Dataset records:

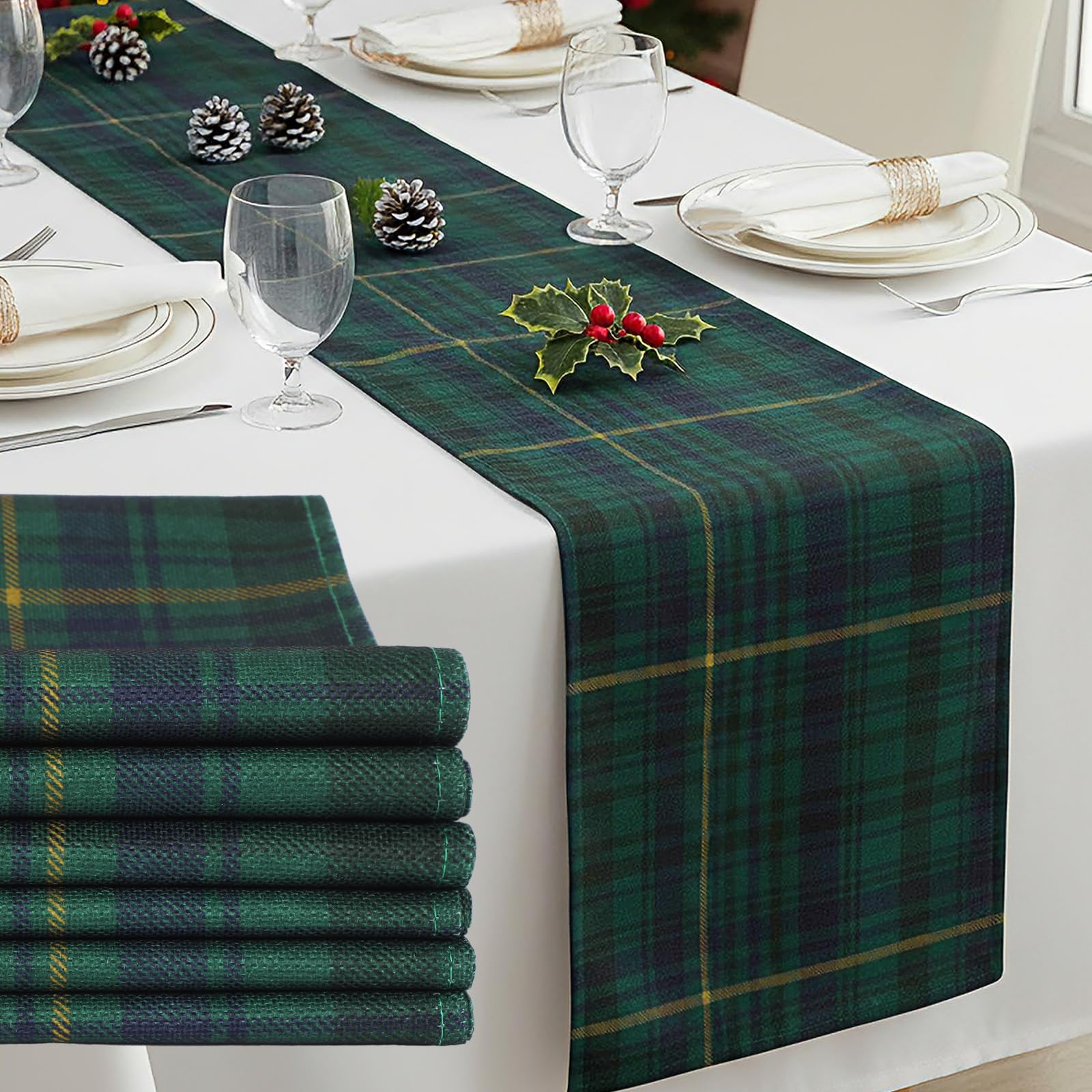 Gilprop blue-green tartan table runner for Christmas dining, elevates holiday ambiance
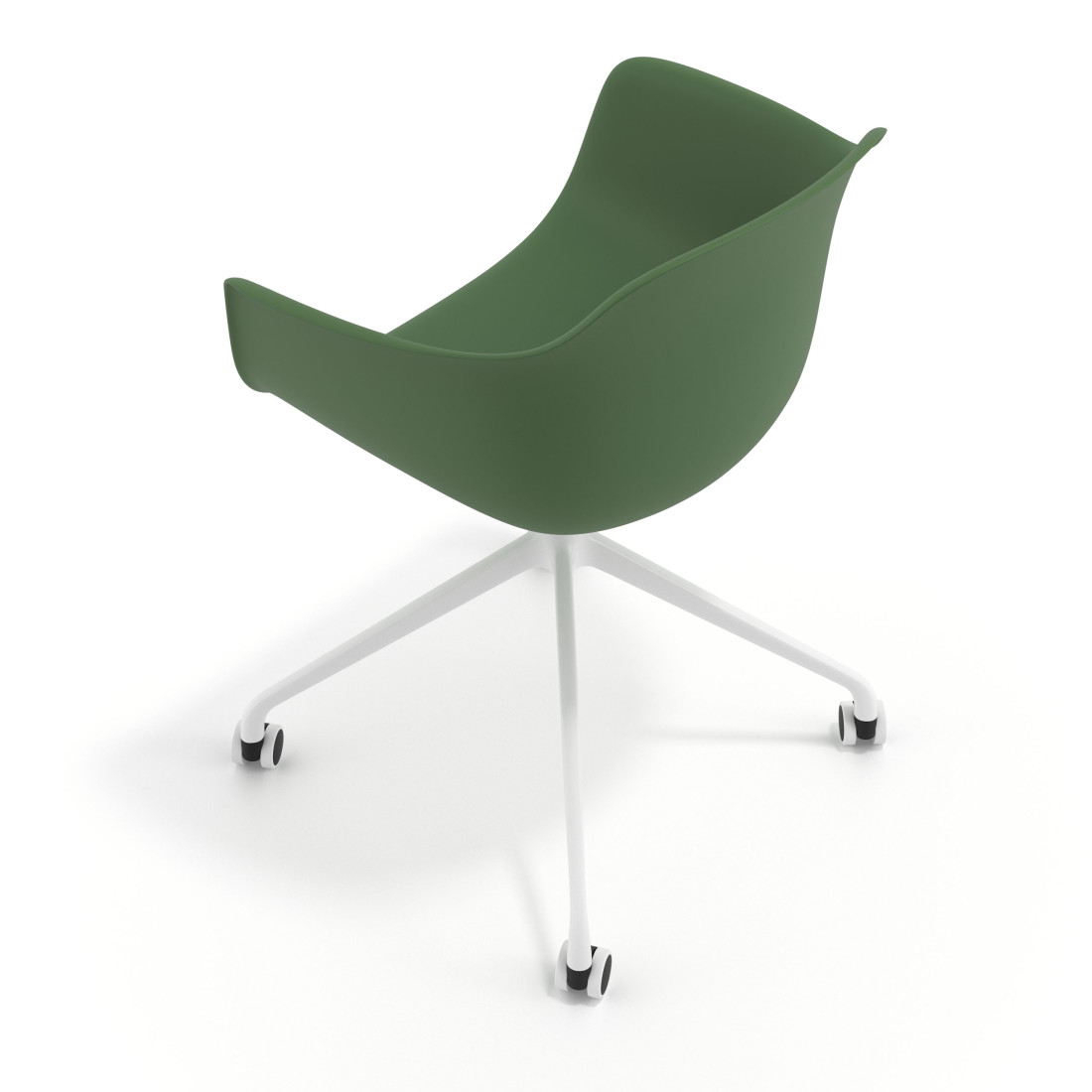 silla de reuniones verde elisa con ruedas plastico 7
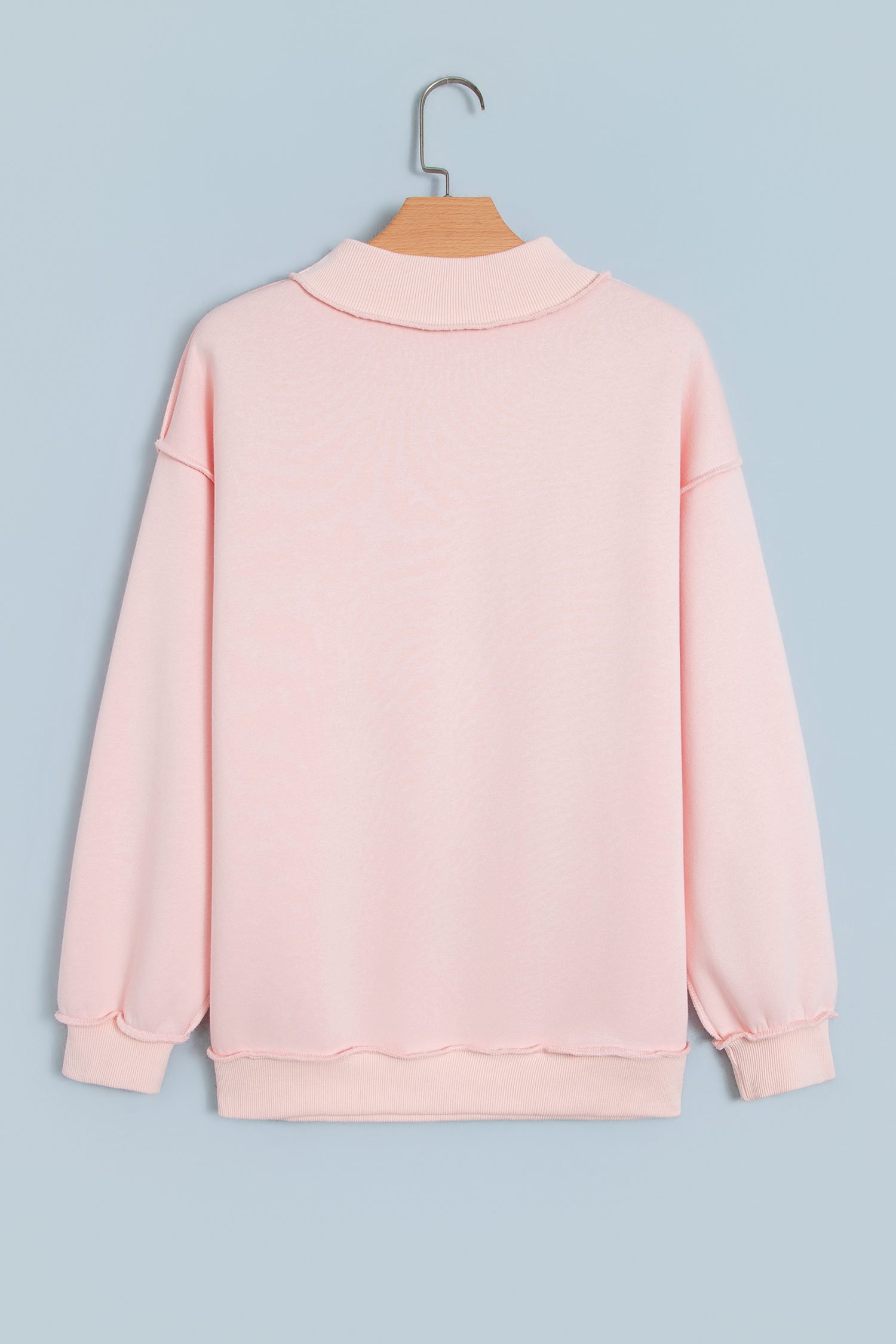 Pink Saved By Grace Embroidered Detail Letter Graphic High Neck Sweatshirt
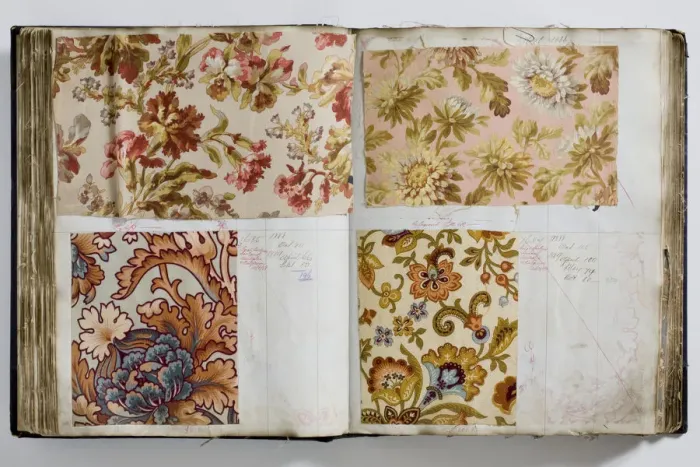 Framed Print : Pages from a book of textile samples, annotated by hand with Framed Print : Pages from a book of textile samples, annotated by hand with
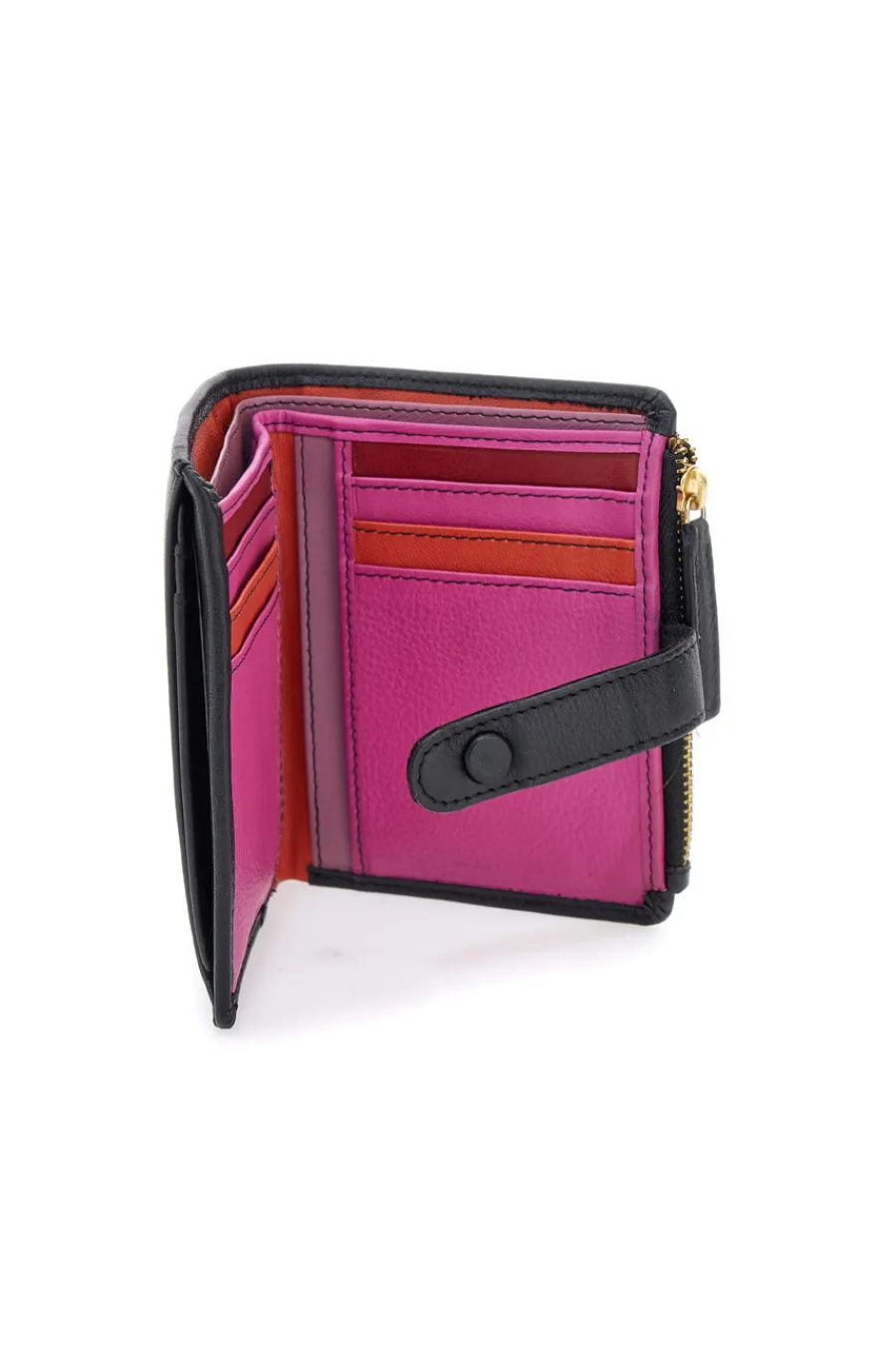 NAJ OLEARI Portafoglio con zip e portacarte integrato in vera pelle Naj-Oleari 2521/RW3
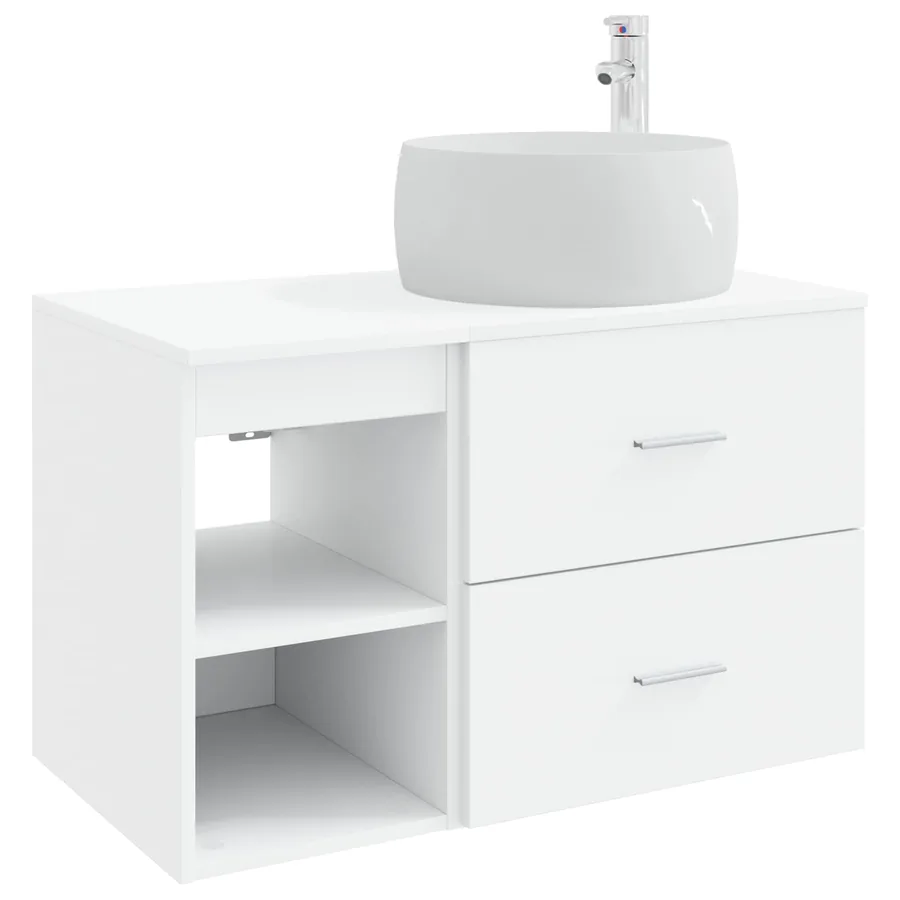 Ensemble de mobilier de salle de bain 2 pcs Blanc - 2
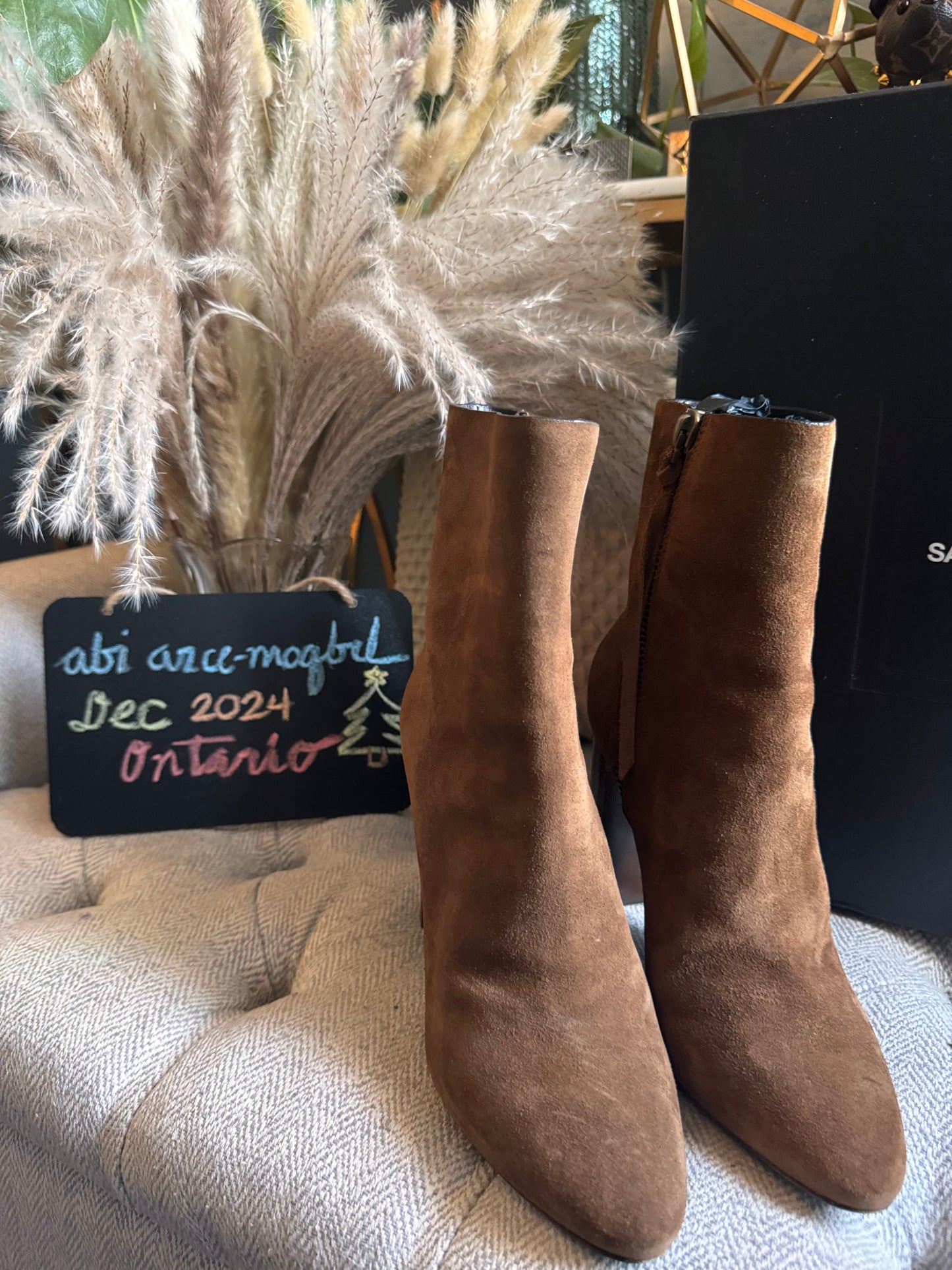 YSL Suede Heeled boots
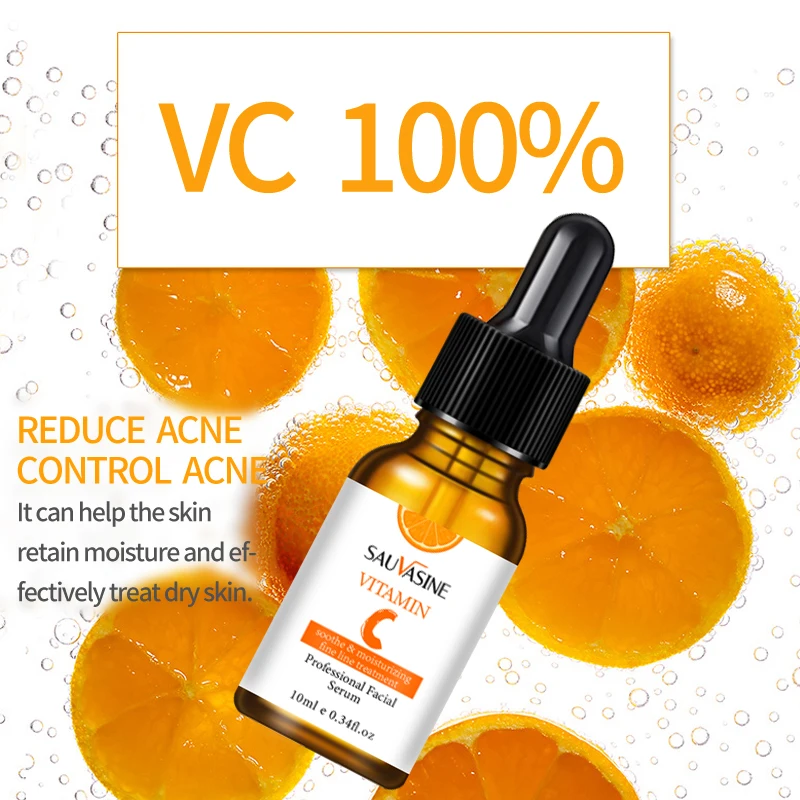 

Vitamin C Facial Serum Whitening Brightening Moisturizing Improve Roughness Lighten Spots Hyaluronic Acid Aging Anti Wrinkles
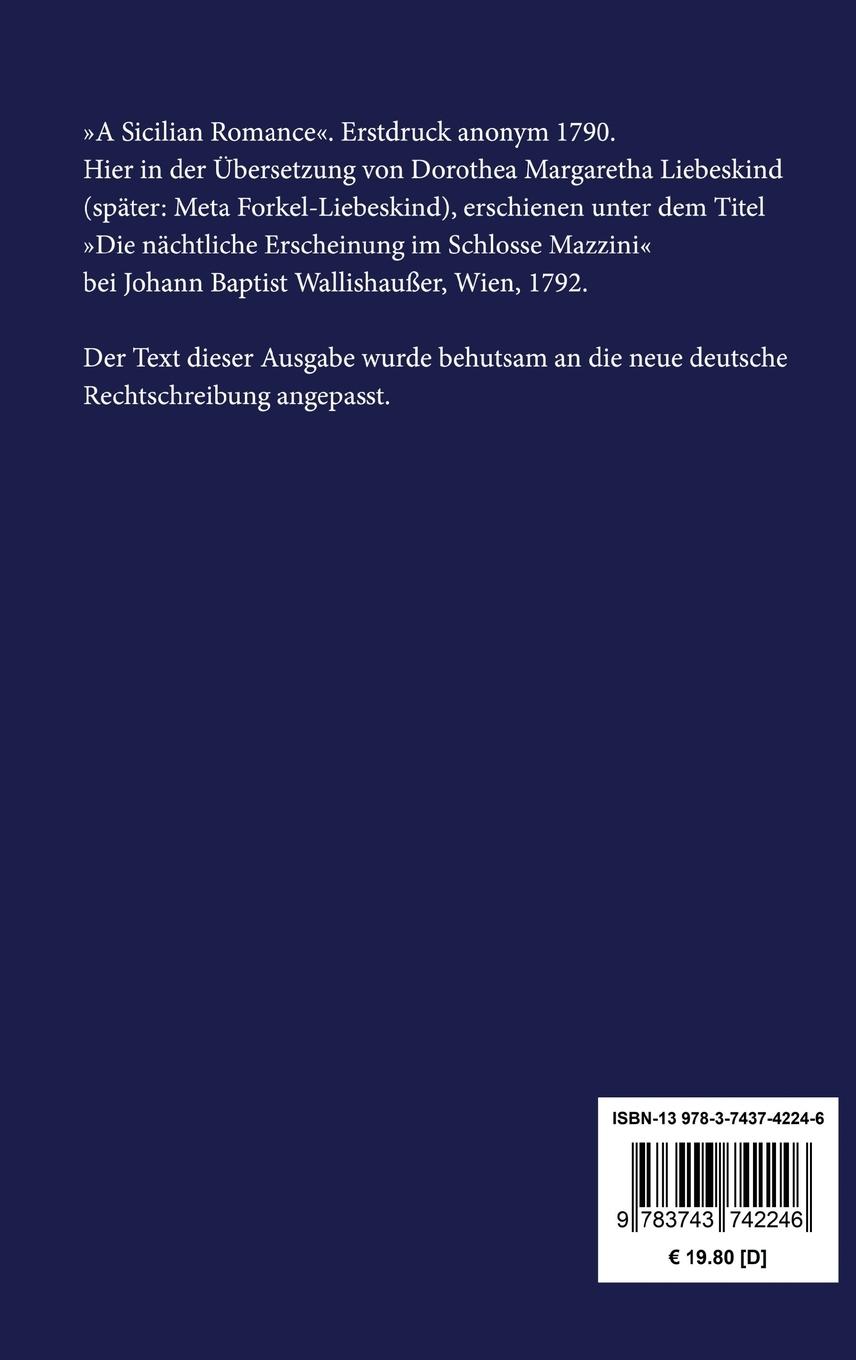 Rückseite: 9783743742246 | Eine sizilianische Romanze | Ann Radcliffe | Buch | 180 S. | Deutsch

● Problem to work on
A verbatim printout of the entries above is expected, free of pictures.

● Output of the task
 Gilprop blue-green tartan table runner for Christmas dining, elevates holiday ambiance
 silla de reuniones verde elisa con ruedas plastico 7
 Pink Saved By Grace Embroidered Detail Letter Graphic High Neck Sweatshirt
 Framed Print : Pages from a book of textile samples, annotated by hand with Framed Print : Pages from a book of textile samples, annotated by hand with
 NAJ OLEARI Portafoglio con zip e portacarte integrato in vera pelle Naj-Oleari 2521/RW3
 Ensemble de mobilier de salle de bain 2 pcs Blanc - 2
 YSL Suede Heeled boots

Vitamin C Facial Serum Whitening Brightening Moisturizing Improve Roughness Lighten Spots Hyaluronic Acid Aging Anti Wrinkles
 Rückseite: 9783743742246 | Eine sizilianische Romanze | Ann Radcliffe | Buch | 180 S. | Deutsch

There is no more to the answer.